PROBLEM DETAILS ->
Pictures excluded, output exactly the lines from the one containing "LG HomeBot's biggest" through the last line of the listing below.

DATA SEGMENT ->

[Start of Attachment]

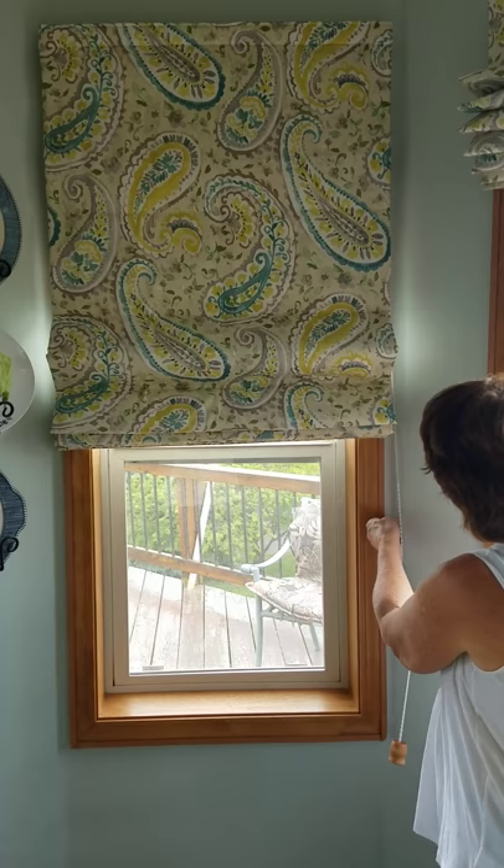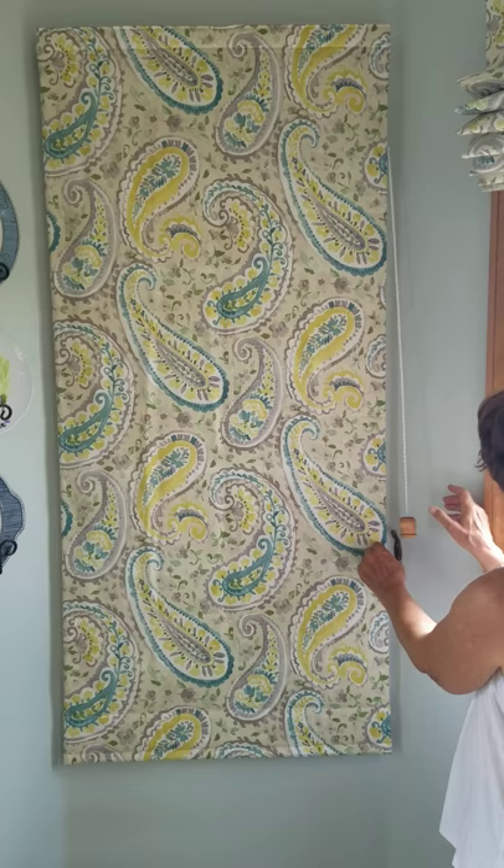When you want to drop it down, it seals. This is the seal, seal on this side.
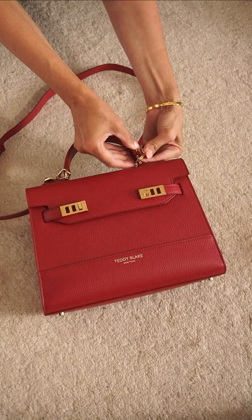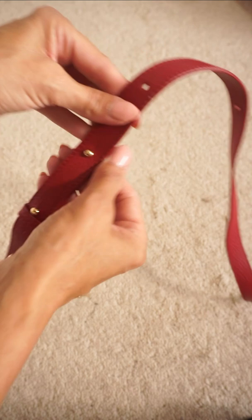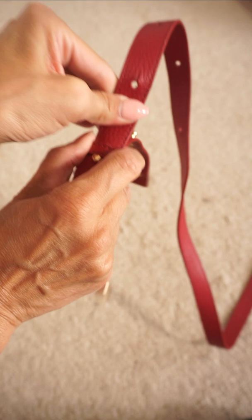Here's a little style hack if you need a belt that matches your handbag perfectly. Unclip the shoulder strap attachment, which is usually just two simple clips. Undo the adjustable strap so you have two sections, and then reattach to make it the right length to go around your waist.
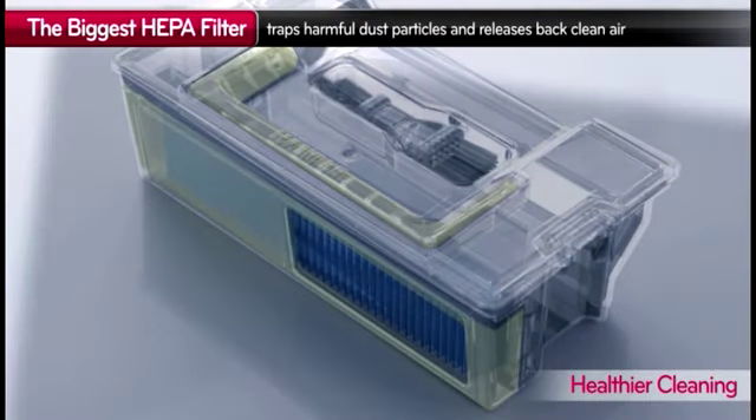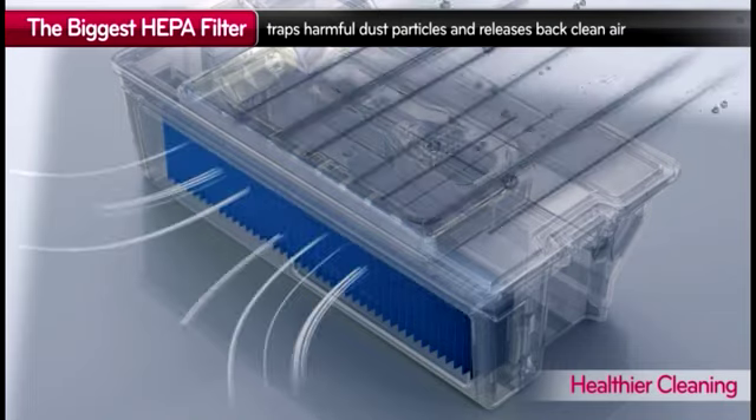LG HomeBot's biggest HEPA filter traps harmful dust and releases clean air.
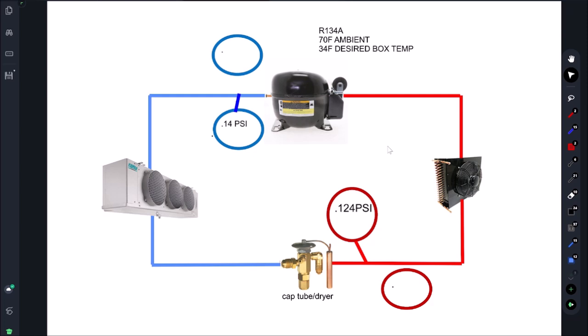The compressor must be running with amp draw and not going on overload — I'll make another video on that. Today assumes you've checked all these things. When we go over to our chart showing why suction pressure is low and head pressure is low and all other combinations, that's assuming all fans are working, there's no ice-up, and the compressor is running.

[End of Attachment]

FINISHED TASK ->
LG HomeBot's biggest HEPA filter traps harmful dust and releases clean air.
The compressor must be running with amp draw and not going on overload — I'll make another video on that. Today assumes you've checked all these things. When we go over to our chart showing why suction pressure is low and head pressure is low and all other combinations, that's assuming all fans are working, there's no ice-up, and the compressor is running.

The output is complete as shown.